Sabtu, 12 Juli 2008

PERAN LITBANG DALAM PERUMUSAN KEBIJAKAN DAERAH


A. DINAMIKA PELAKSANAAN OTONOMI DAERAH DALAM KONTEKS PENETAPAN KEBIJAKAN STRATEGIS

Tidak dapat dipungkiri bahwa pengaruh globalisasi dunia dan tekanan arus reformasi yang mendorong berkembangnya iklim demokratisasi secara nasional, telah menjadi isu utama di tengah masyarakat Indonesia. Harus disadari bahwa kondisi ini pula yang telah membawa terjadinya dinamika yang cukup tinggi di kalangan masyarakat.

Sejalan dengan itu, memahami posisi Pemerintah (Pusat dan Daerah) dalam penyelenggaraan otonomi daerah yang sudah berjalan hampir setengah dekade ini, secara faktual dapat dikatakan menghadapi berbagai permasalahan yang perlu mendapat perhatian dan penyelesaian secara konkrit dan konsisten. Dalam konteks permasalahan dimaksud, tentunya tidak terlepas dari pengaruh dinamika akibat adanya perubahan atau terbukanya fenomena cara pandang di kalangan masyarakat itu sendiri.

Menghadapi permasalahan yang timbul sebagai implikasi penerapan otonomi daerah, sesungguhnya memiliki dimensi yang luas dan bersifat komplikatif, khususnya menyangkut aspek-aspek penyelenggaraan pemerintahan dan pembangunan. Dalam kapasitas peran dan fungsinya, pada kenyataannya para penyelenggara pemerintahan harus berada di tengah persoalan yang terjadi dan berkembang secara nasional dan di hampir semua Daerah saat ini. Dalam hal ini tanggungjawab penetapan dan penyelenggaraan kebijakan yang mengatur penyelenggaraan otonomi daerah, termasuk berbagai kebijakan publik adalah dilakukan oleh para penyelenggara pemerintahan ini.

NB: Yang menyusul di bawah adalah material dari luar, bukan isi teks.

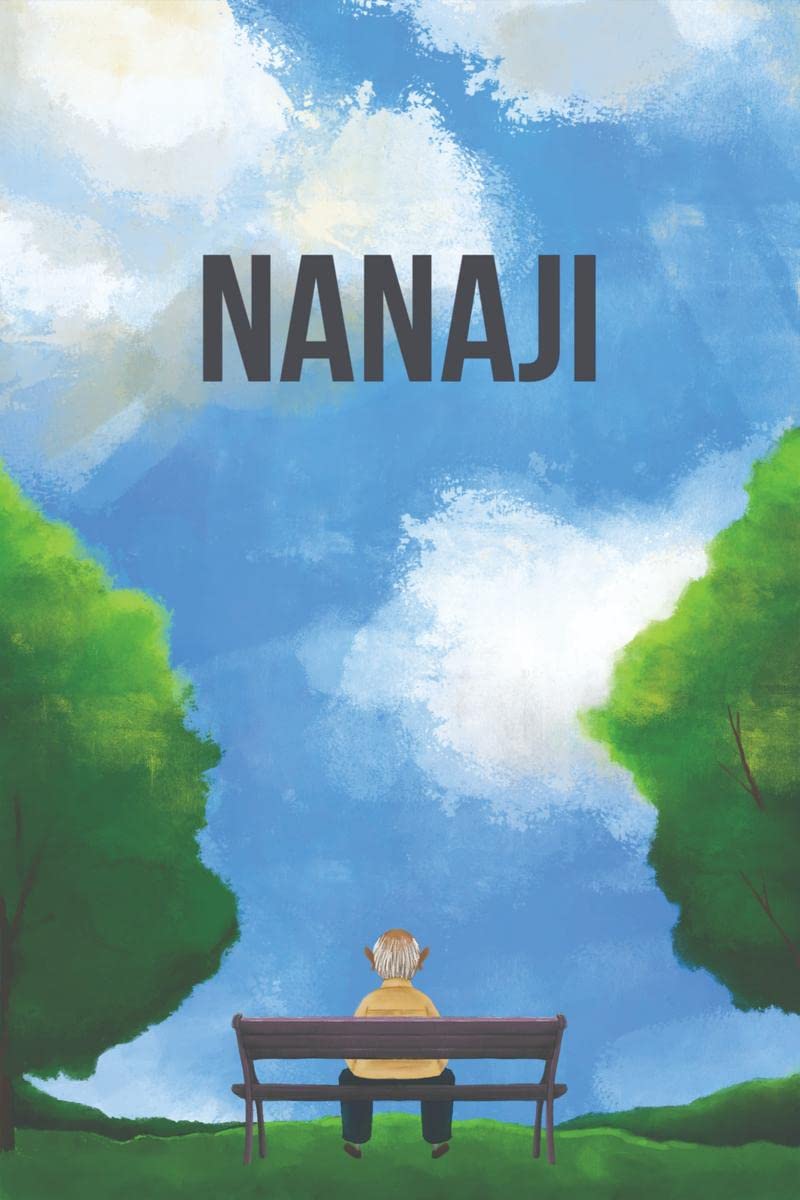 Nanaji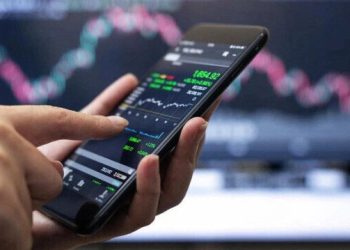 Piyasalarda artan devlet tahvili getirileri endişesi: Yatırımcıların borsalardan çekilmesine neden oluyor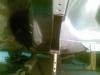 Attached Image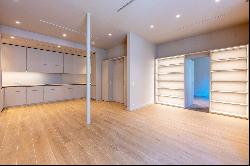 Flat For Sale In Sant Gervasi, Sant Gervasi, Barcelona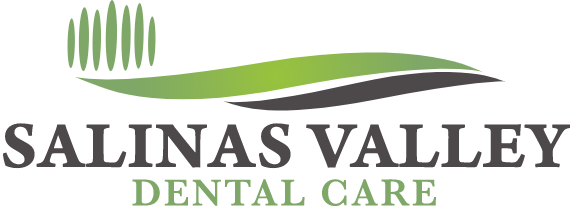 Salinas Valley Dental Care in Salinas, CA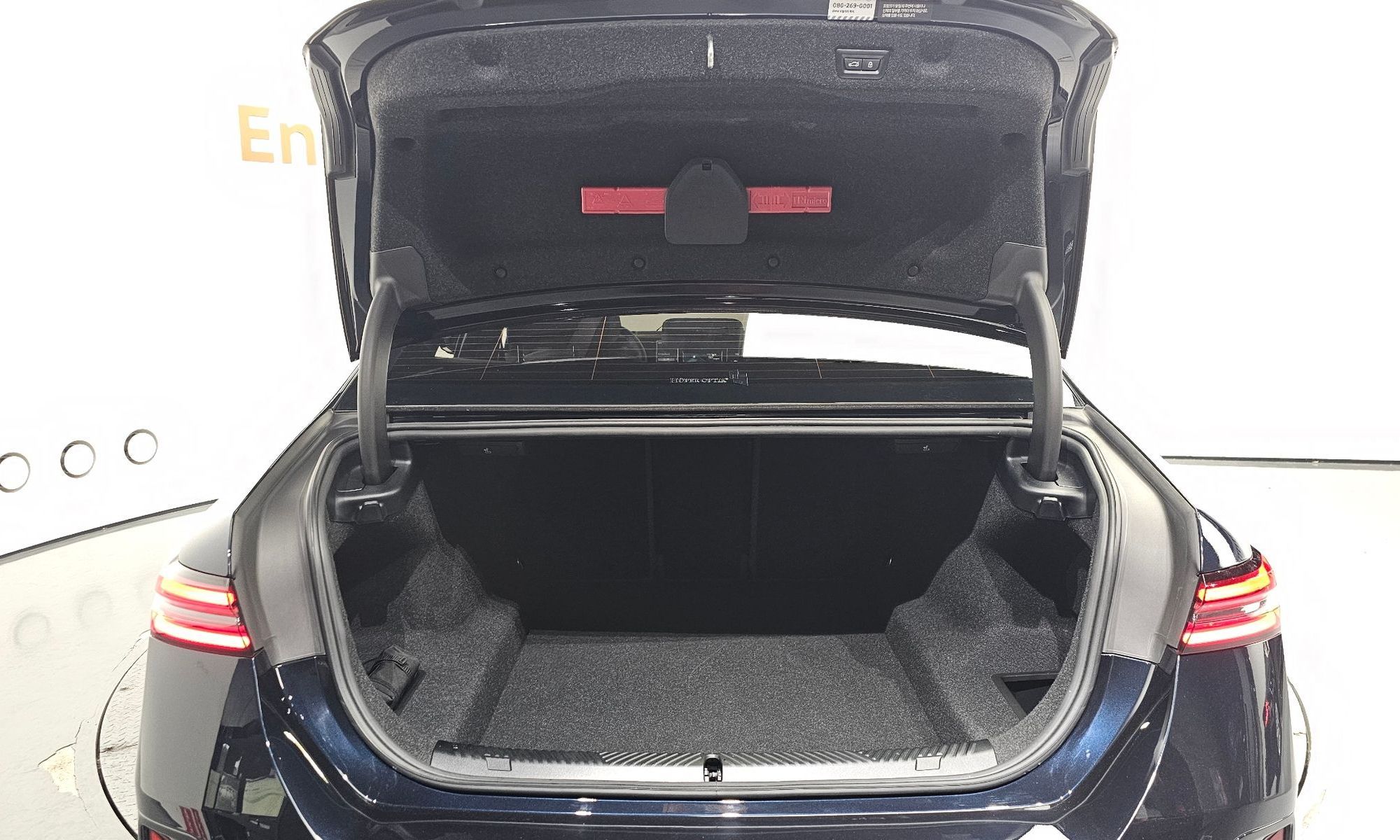 Image 19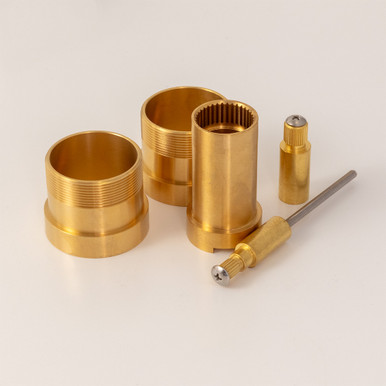 VTH3.1-EX Extension Kit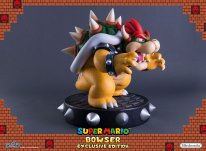 F4F Super Mario Bowser Exclusive (47)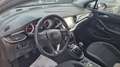 Opel Astra 1.6 CDTi 110CV Start&Stop Sports Tourer Business Grigio - thumbnail 14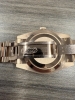 Rolex 18K Gold Day-Date Watch (Pompano Beach, FL) - 3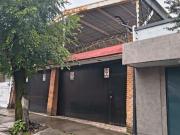 Se renta propiedad ideal para casa u oficinas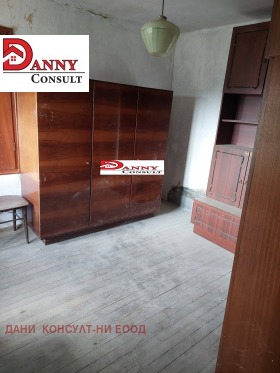 ������� ���� | Imot.bg � ����� ������ 11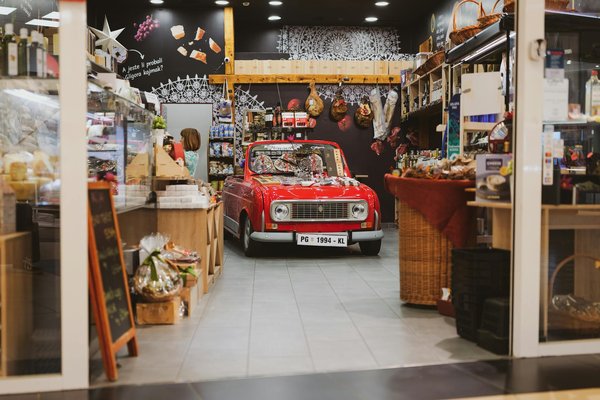 Découvrez le sac à pâtisserie : l'allié essentiel des chefs pâtissiers professionnels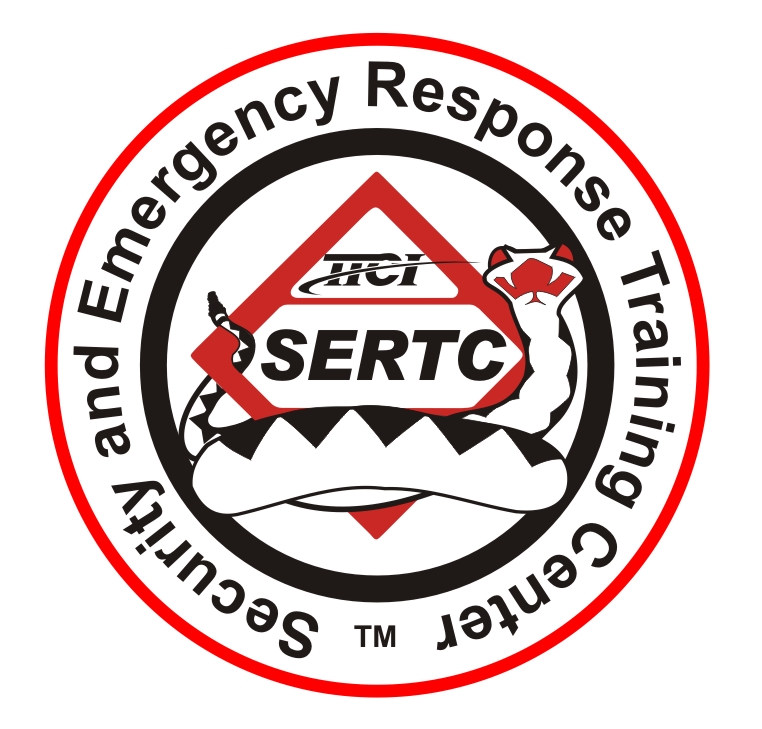 sertc logo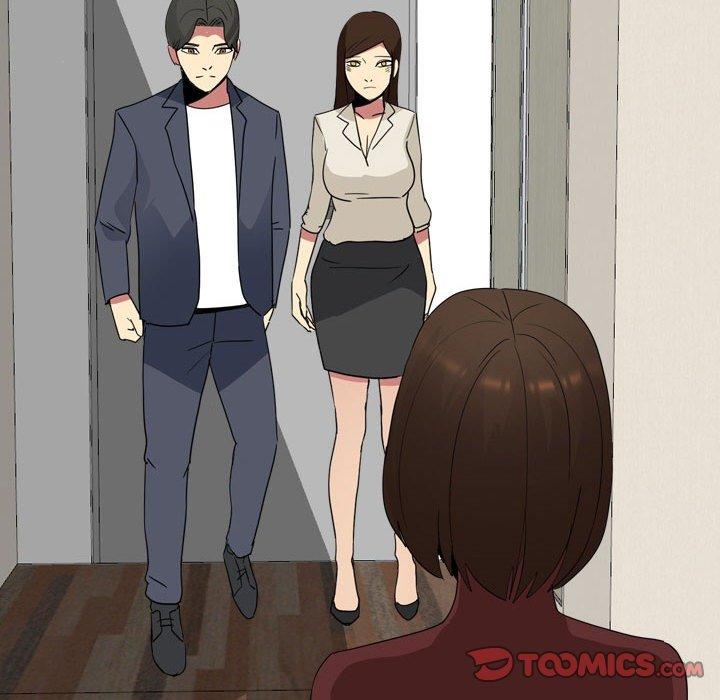 156P - 嫂嫂忘了我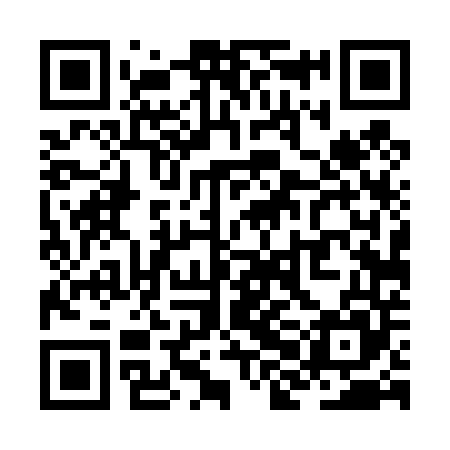 QR code for ZHD445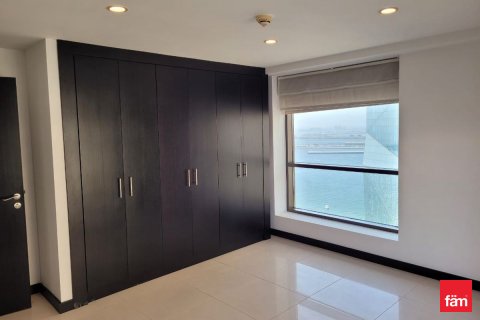 Apartment in Dubai, UAE 2 bedrooms, 151.2 sq.m. № 647815 - photo 12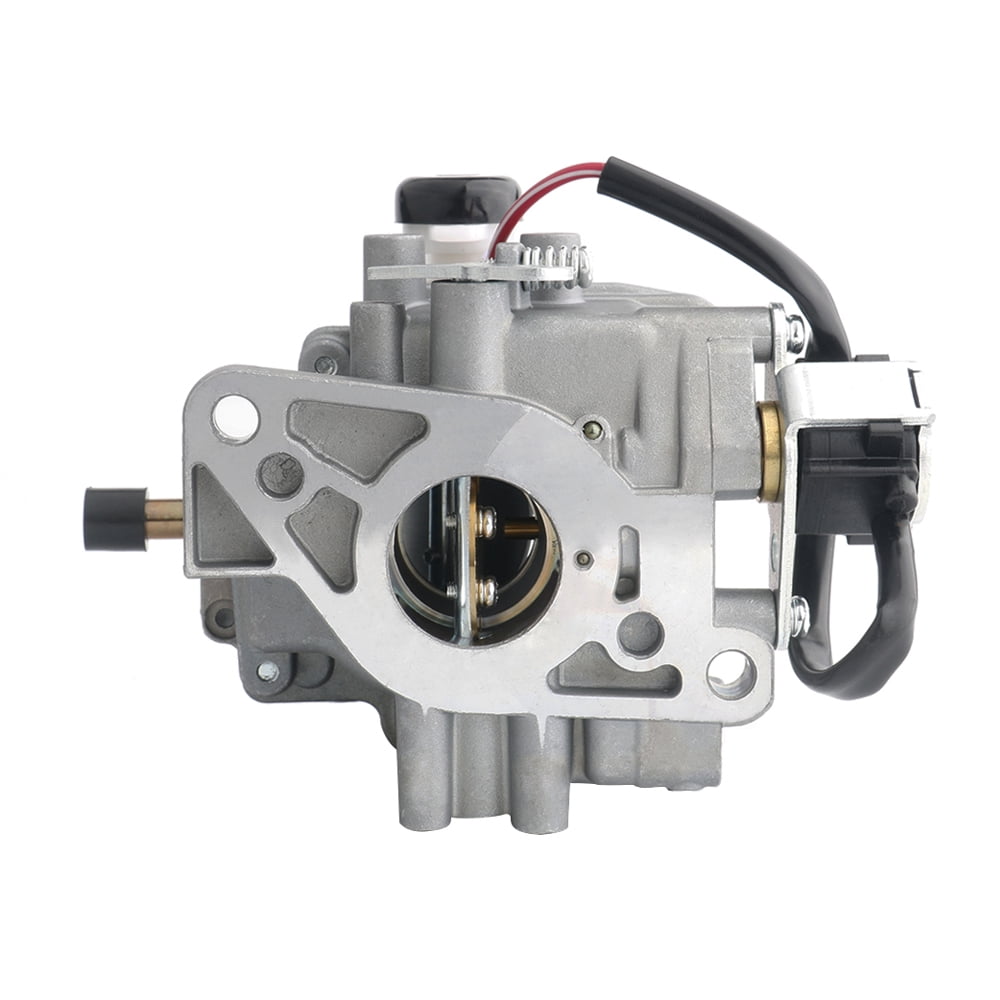 Carburetor Kit For Kohler CH680 19-23HP & CH22, CH23, CH620 Engines - Rebuild Kit 2485359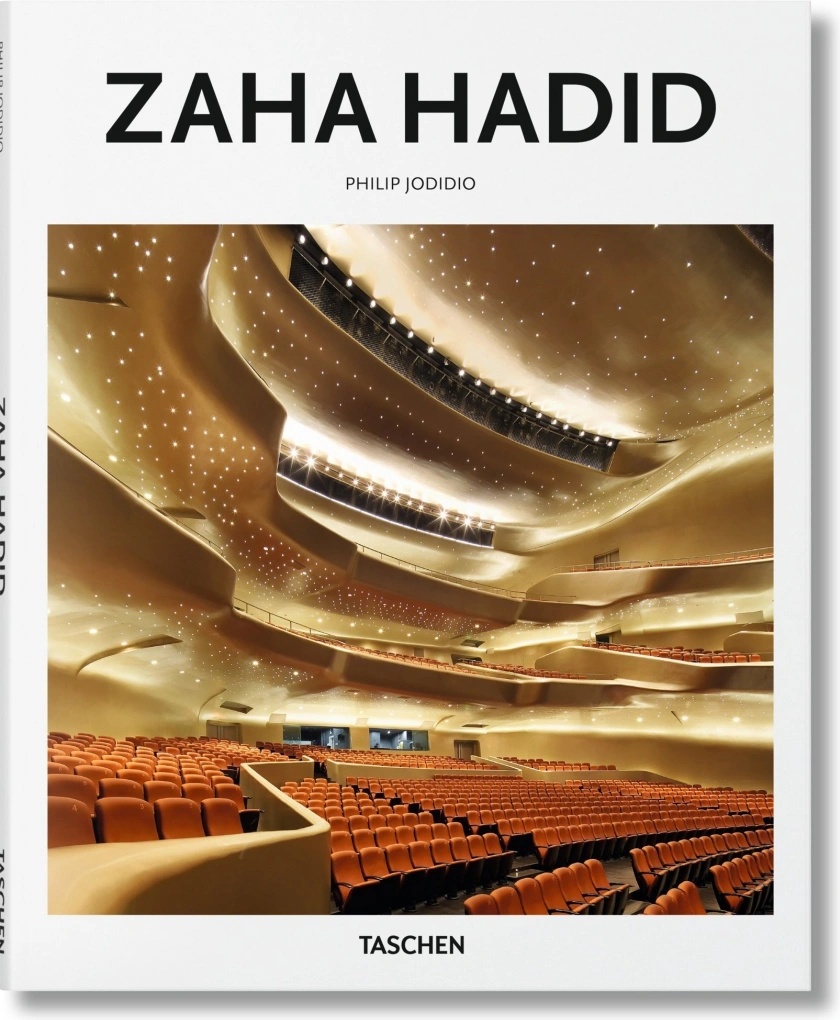 Hadid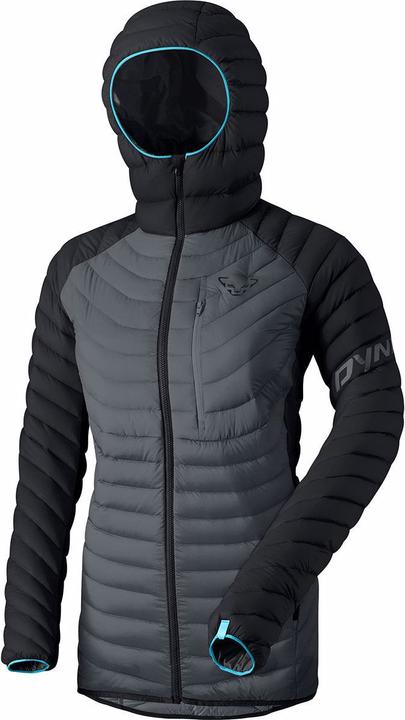 Image du produit Dynafit Veste à capuche Radical Down (44)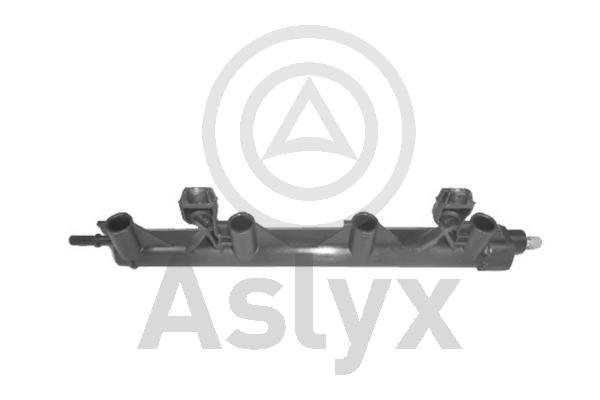 Aslyx AS-535580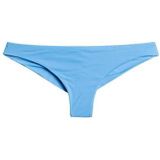 Roxy - Beach Classics - Bikinibroekje - Cheeky - Gerecycled Stretchmateriaal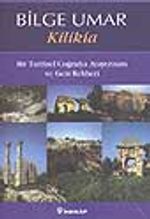 Kilikia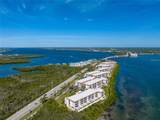 1591 Beach Road - Photo 42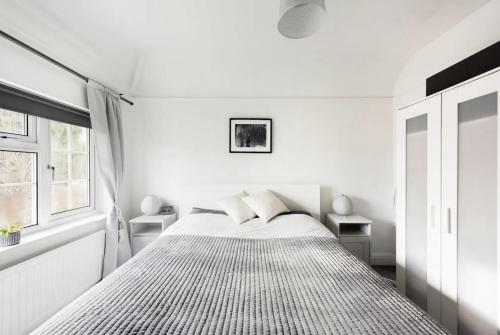 Apartamento The Film Studio Appartement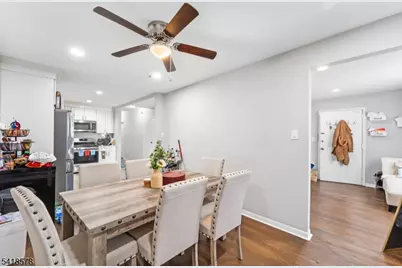 449 E Westfield Ave, Roselle Park, NJ 07204 - Photo 5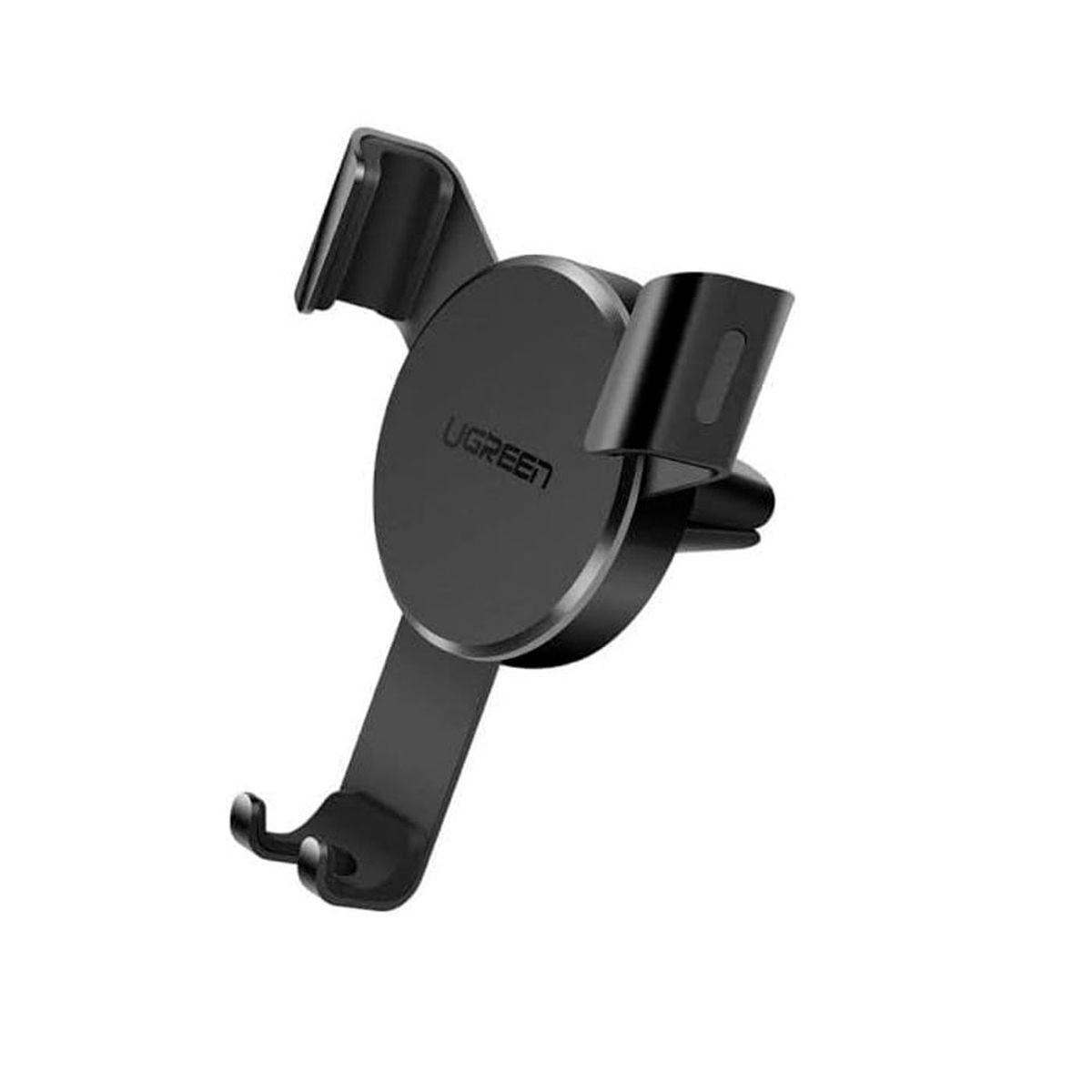 UGREEN - Soporte Para Teléfono De Coche Con Ventilación Por Gravedad Ugreen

Atas pertimbangan dimaksud, Pemerintah seyogianya mampu menjadi motivator dan fasilitator yang handal dalam upaya percepatan otonomi daerah, sekaligus menjadi mediator bagi kepentingan hajat hidup masyarakat secara luas. Ini semua tentunya dapat diwujudkan melalui suatu kearifan dalam perumusan langkah dan kebijakan yang secara berkualitas dapat menjadi payung dan tuntunan pelaksanaan pemerintahan dan pembangunan di era otonomi daerah saat ini. Disinilah dukungan jejaring atau stakeholders pemerintahan sangat diperlukan dalam mengemban posisi strategis tersebut sesuai dengan kapasitasnya masing-masing, baik dalam lingkungan institusi pemerintahan itu sendiri maupun non-pemerintah.

Sehubungan dengan hal tersebut, penetapan kebijakan harus didukung oleh berbagai pertimbangan yang kuat dan mendasar. Sementara itu, dalam kenyataannya penetapan kebijakan selama ini cenderung menimbulkan permasalahan, yang antara lain disebabkan oleh:
- Adanya tumpang tindih dan ke-tidaksinkron-an antar kebijakan, baik yang se-level maupun antar tingkatan yang lebih tinggi dengan yang lebih rendah. Persoalan penetapan kebijakan tersebut tidak saja terjadi antar institusi sektoral di tingkat Pusat saja, tetapi juga antar unit sektoral di lingkungan Pemerintah Daerah.
- Kebijakan yang ditetapkan terkadang tidak dapat menyelesaikan masalah utama, dan bahkan justru berpotensi menimbulkan masalah baru yang membebani masyarakat, sehingga akhirnya menghambat laju pertumbuhan daerah.

Di sisi lain, berbagai persoalan sebagai implikasi penyelenggaraan otonomi daerah, yang seharusnya mendapat solusi dari adanya langkah dan kebijakan secara konkrit belum dapat terselesaikan secara tuntas, seperti antara lain:

1. Terjadinya ketimpangan pembangunan antar daerah dan antar wilayah serta rendahnya tingkat keberdayaan atau produktivitas ekonomi lokal maupun masyarakat yang diakibatkan oleh masih rendahnya kesadaran pemerintah daerah dan para stakeholder-nya dalam menciptakan iklim investasi yang kondusif.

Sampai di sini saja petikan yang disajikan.